Changes in the subcellular distribution of calmodulin-kinase II during brain development.


Subcellular fractions prepared from rodent forebrain at different postnatal ages were examined for calmodulin-binding proteins using [125I]calmodulin and a gel overlay technique. Synaptic junction (SJ) fractions from newborn brain, which display purity comparable to adult SJ fractions, contain low but detectable amounts of 60 and 50 kdalton calmodulin-binding polypeptides; the latter being the major postsynaptic density protein. These polypeptides have recently been shown to be the calmodulin-binding protein subunits of calmodulin-dependent protein kinase II (CaM-kinase II). CaM-kinase II polypeptides represented the predominent calmodulin-binding proteins in nearly every subcellular fraction examined, regardless of postnatal age. Large increases were observed in the CaM-kinase II content of every subcellular fraction throughout postnatal development. During development, a striking shift in the subcellular distribution of CaM-kinase Ii was observed. Over 4 times as much CaM-kinase II was cytosolic relative to particulate in newborn brain while this ratio was completely reversed in adult brain.
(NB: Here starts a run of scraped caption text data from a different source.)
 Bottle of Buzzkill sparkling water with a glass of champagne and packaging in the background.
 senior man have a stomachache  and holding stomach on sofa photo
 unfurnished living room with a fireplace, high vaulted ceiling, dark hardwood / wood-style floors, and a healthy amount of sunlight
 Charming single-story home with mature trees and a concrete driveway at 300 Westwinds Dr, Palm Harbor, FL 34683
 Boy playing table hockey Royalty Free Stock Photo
Large age-dependent increases in particulate-associated CaM-kinase II were observed in highly purified synaptic plasma membrane (5-fold) and SJ (14-fold) fractions. The CaM-kinase II content of SJ fractions increased approximately 70% between days 24 and 90, a period in development that follows the most active stages of synapse formation in situ. In adult brain, approximately 60% of CaM-kinase II in crude synaptosomal fractions (P2-INT) was recovered in SJ fractions. The CaM-kinase II in SPM fractions from all developmental ages resists solubilization in Triton X-100 and greater than 90% is recovered in SJ fractions. These studies indicate that during brain development the accumulation of SJ-associated CaM-kinase II represents an important process in the molecular and enzymatic maturation of CNS postsynaptic structures.